An Honest Day’s Storytelling
Finding truth in Lee Smith’s fiction and nonfiction
By D.G. Martin
Some North Carolina writers say that it is easier for them to tell the truth in fiction than it is in nonfiction. In nonfiction, the facts can bind up authors so tight that it is hard for them to deliver the truth.
The two most recent books by North Carolina’s beloved novelist Lee Smith give us a chance to compare her “truth-telling” strengths in her fiction versus her nonfiction writing. Her most recent book, Blue Marlin, which came out in April, is fiction, while her memoir, Dimestore: A Writer’s Life, was published in 2016.
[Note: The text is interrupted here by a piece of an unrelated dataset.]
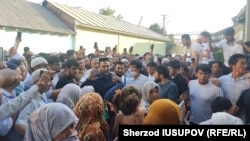 В городе Карасу на юге Кыргызстана Рашода Камалова встретили несколько сотен человек, 28 августа 2021 года.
The main character and narrator of Smith’s Blue Marlin is a young teenage girl dealing with growing up, religion, boys and the troubled mental health and marital problems of her parents. Much of Dimestore, Smith’s only nonfiction book, deals with the same topics in the context of the real life experiences of Smith and her parents.
Blue Marlin is short, about 120 pages, each filled with Smith’s warm and sympathetic storytelling gifts and characters who reach out and remind us of people we knew growing up.
In the book, the Lee Smith-like character, Jenny, age 13, discovered her beloved small-town lawyer dad was having an affair. Soon everybody in town knew. Her dad moved out of their home. Her depressed mom sought treatment at a hospital in Asheville. After a time, her parents decided to try to put their marriage back together on a trip to Key West, Florida, with Jenny.
Riding to Key West in the back seat of her dad’s new Cadillac, Jenny began a list of good deeds she would do on each day of their trip, “which ought to be enough,” she thought, “to bring even Mama and Daddy back together.” But, will the time in Key West do the job?
Their motel, the Blue Marlin, was a positive, not just because of its swimming pool and waterslide. The motel was occupied by a movie crew, including actor Tony Curtis. Jenny and her mom were big movie fans and read the fan magazines together. They “squealed together” over Curtis. Things were off to a good start.
Jenny settled into Key West. She walked the streets, visited the sites, made friends with the locals, and did her good deeds every day. But she’s not sure her good deeds are working. “My parents were endlessly cordial to each other now, but so far they had never slept in the same bed. I knew this for a fact. I checked their room every morning.”
To find out whether Tony Curtis’ help and Jenny’s good deeds could bring about real marital reconciliation, you will have to read the book, but Smith leaves clues in the afterword.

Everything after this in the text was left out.